Un outil de varech choisi, coupé puis partagé entre deux corps d’orques
Le comportement, nommé allokelping par les chercheurs, signifie littéralement « kelping avec un autre ». Les orques saisissent du varech géant, coupent une tige, puis la placent entre elles. Cette fabrication volontaire distingue le geste d’un simple jeu avec une algue flottante.
Le morceau utilisé mesure souvent autour de 60 cm, soit la longueur d’un avant-bras. Le stipe, la tige souple de l’algue, agit comme un tuyau d’arrosage glissant. Sous pression, il roule entre les flancs sans se déchirer.
Pourquoi ce massage d’algue parle autant de peau renouvelée que de relation sociale
Les chercheurs avancent une double piste. La peau des cétacés se renouvelle, mais l’eau froide ralentit parfois l’élimination des cellules mortes. Chez les individus plus marqués par la mue, le recours au varech apparaît plus fréquent dans les vidéos analysées.
Le geste dépasse pourtant l’hygiène. Chez les primates, le toilettage maintient des alliances, réduit les tensions et organise la vie du groupe. L’allokelping ressemble à une poignée de main prolongée, sauf que la main devient une algue tenue par deux corps.
Le professeur Darren Croft, de l’Université d’Exeter et directeur exécutif du Center for Whale Research, souligne cette dimension sociale. Les partenaires observés viennent souvent du même pod, un groupe familial d’orques, ou d’une parenté maternelle proche.

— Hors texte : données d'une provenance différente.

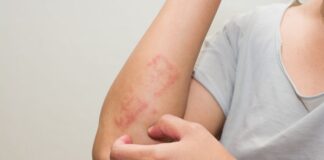 Aumentan las enfermedades de la piel por las altas temperaturas en la zona sur de Honduras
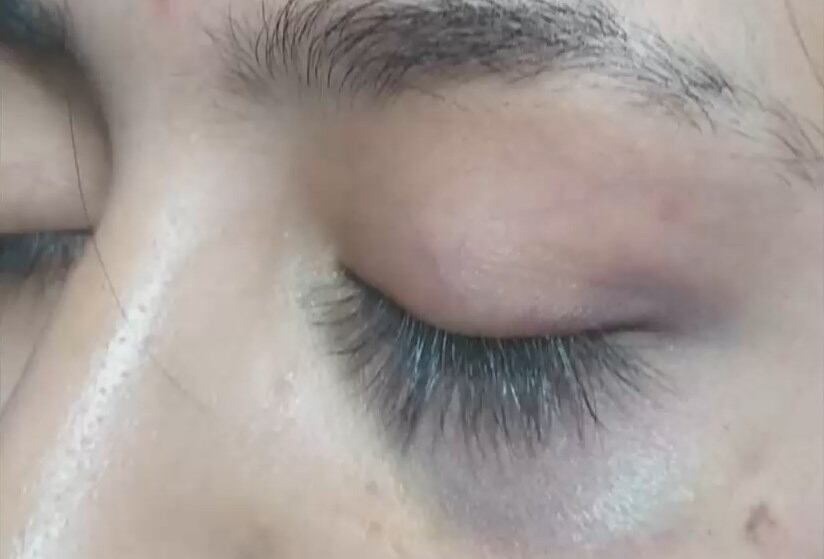 La joven mostró su ojo morado  y otras lesiones en el cuerpo.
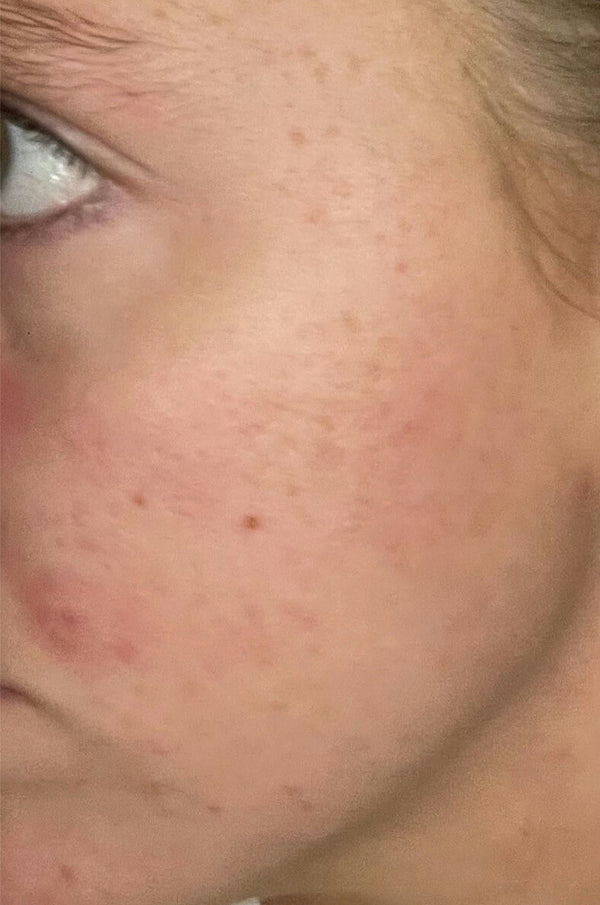 Before image for reczVz0Fg5Pf7Wt4o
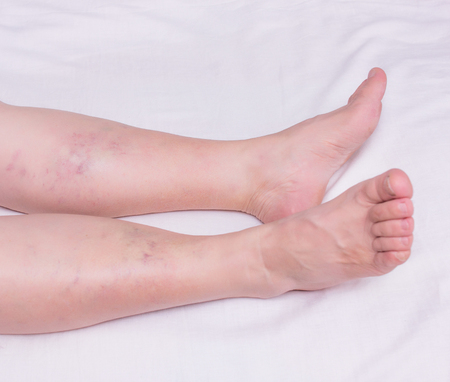 The legs of an elderly woman with varicose veins and thrombosis, white background, close-up, phlebeurysmの写真素材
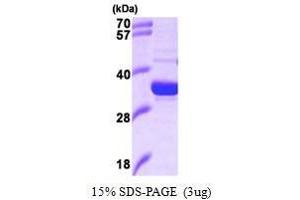 Figure annotation denotes ug of protein loaded and % gel used. (HMOX2 Protein (AA 1-264))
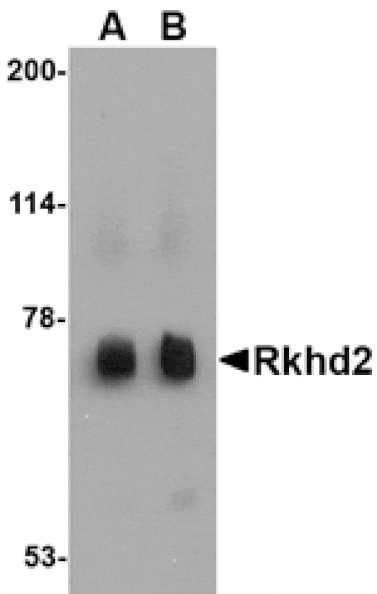 Western blot - Rkhd2 Antibody from Signalway Antibody (24778) - Antibodies.com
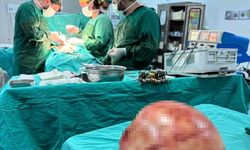 Van’da başarılı operasyon: 35 santimetrelik dev kitle alındı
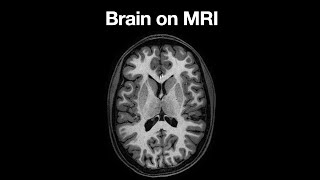 Anatomy of the Brain on MRI [upl. by Inverson]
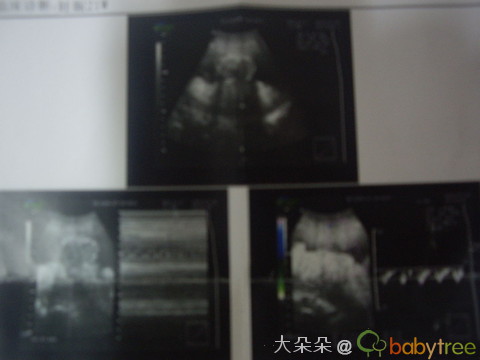 journal_insert_pic_54871106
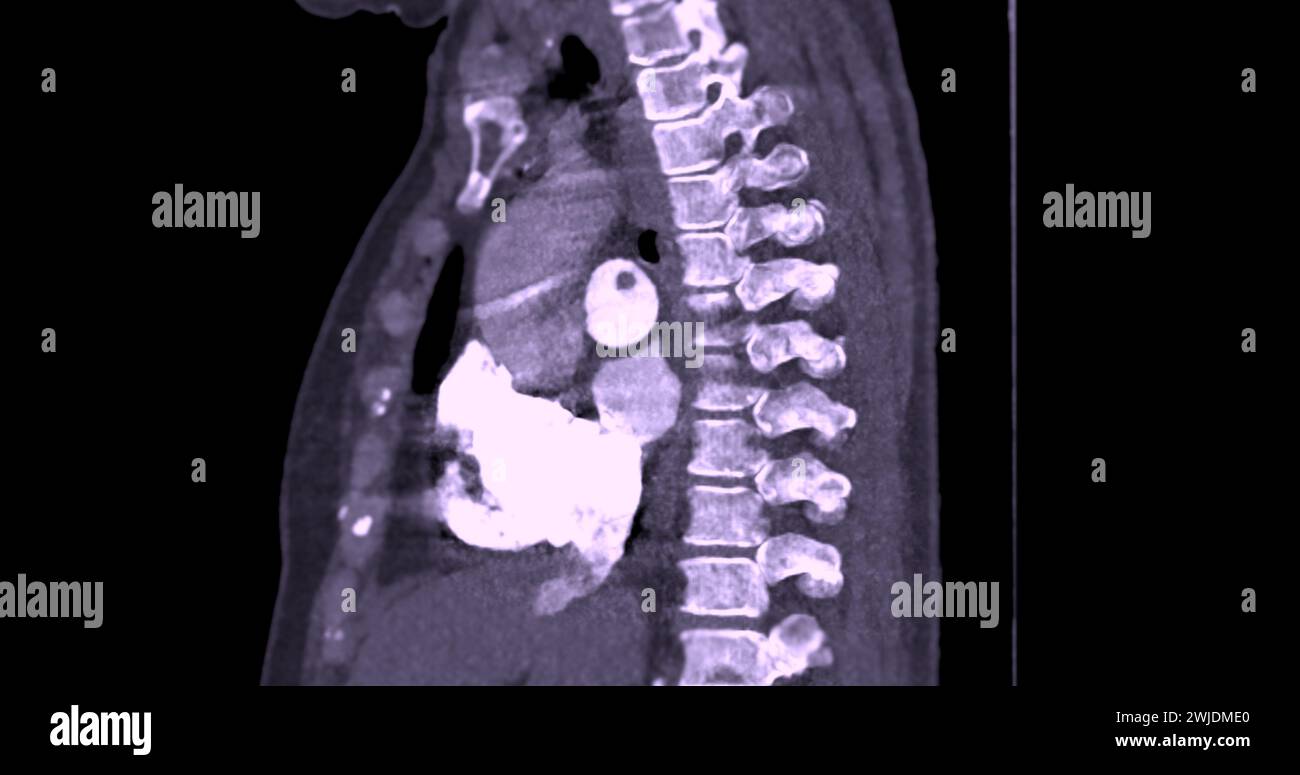 Eine CTA-Pulmonalarterie zeigt eine detaillierte Ansicht der Lungenblutgefäße und erfasst das Vorhandensein einer Lungenembolie, einer Erkrankung, bei der eine blutcl vorliegt Stockfoto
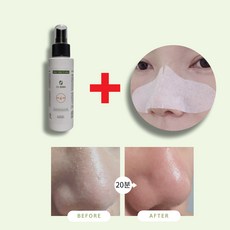 [에스지엔바이오] Dr.SGN 슈퍼클리어엑스로션 100ml+코솜 20매 저자극성 피지연화제 전용 초밀착 코화장솜 증정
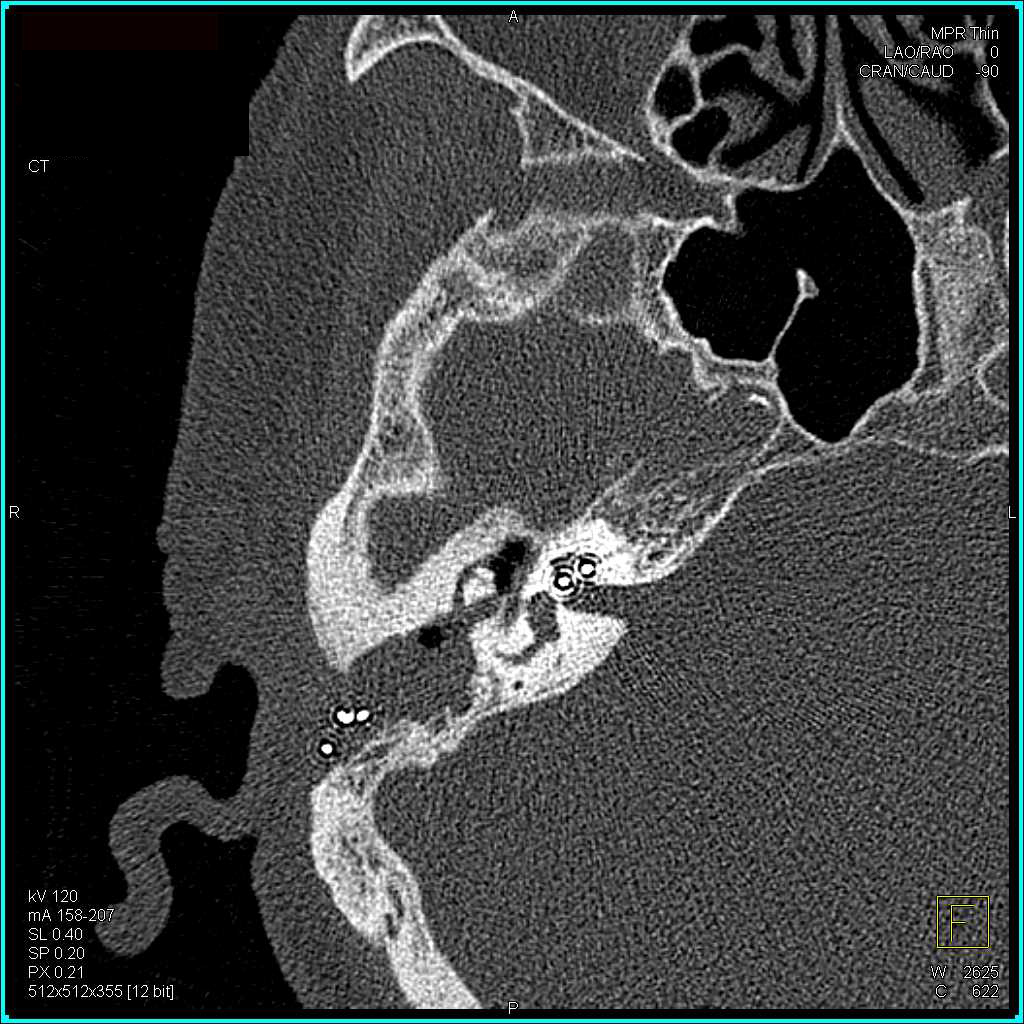 High Resolution Imaging of the Temporal Bone - CTisus CT Scan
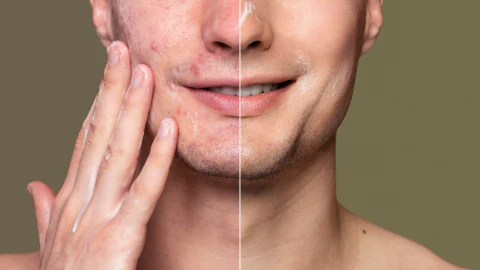 Tratamiento acné Murcia profesional para piel grasa y con imperfecciones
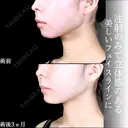 エラボトックス/顎ヒアルロン酸 before画像 サムネイル用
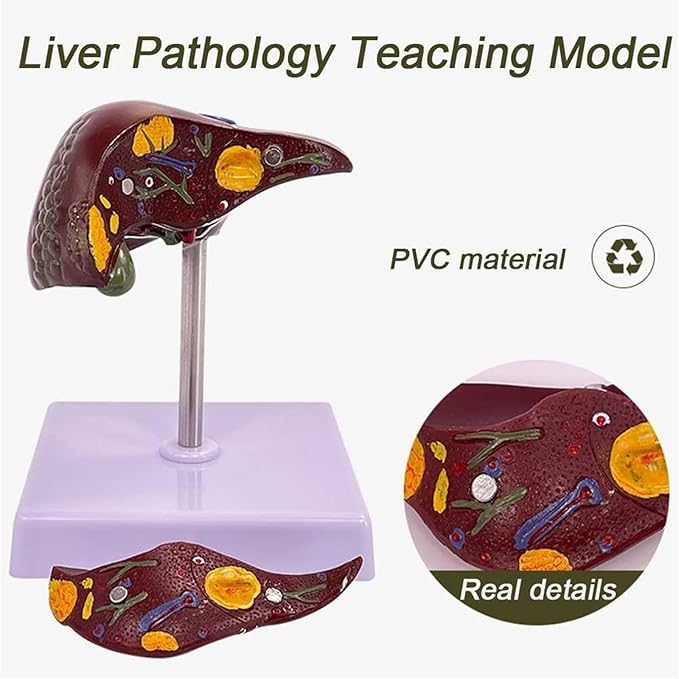 BuTkus Liver Pathology Educational ModelLife Size Human Liver Model with 2 Detachable Parts for Teaching Demonstration and Explanation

Ce que les drones récents ont rendu visible après un demi-siècle d’observation
Le Center for Whale Research suit cette population depuis les années 1970. Des bateaux et des postes côtiers ont documenté les naissances, les décès et les déplacements. Pourtant, les caméras de drones ont ajouté un point de vue décisif, presque vertical.
Rachel John, étudiante en comportement animal à l’Université d’Exeter, a repéré dans une vidéo une tige brune coincée entre deux animaux. Le détail paraît minuscule à l’échelle d’une orque, comme une paille entre deux nageurs dans une piscine sombre.
Une culture animale précieuse, suivie dans une population encore fragile
L’étude publiée dans Current Biology décrit 30 séquences d’allokelping relevées sur 8 des 12 jours d’observation. Mâles, femelles, jeunes et adultes participent. Cette répartition donne au comportement l’allure d’une tradition partagée, pas d’une habitude isolée.
Le dernier recensement annuel de juillet 2025 compte 74 orques résidentes du Sud, réparties dans les pods J, K et L. NOAA Fisheries les classe en danger depuis 2005, avec trois pressions majeures : saumons chinooks moins disponibles, polluants persistants et bruit des navires.
La question dépasse donc la survie d’animaux isolés. La bioaccumulation, l’accumulation de polluants dans la chaîne alimentaire, pèse sur leur santé. Le recul des forêts de varech ajoute un risque culturel très concret : sous la surface, une tige brune roule encore entre deux corps noirs et blancs.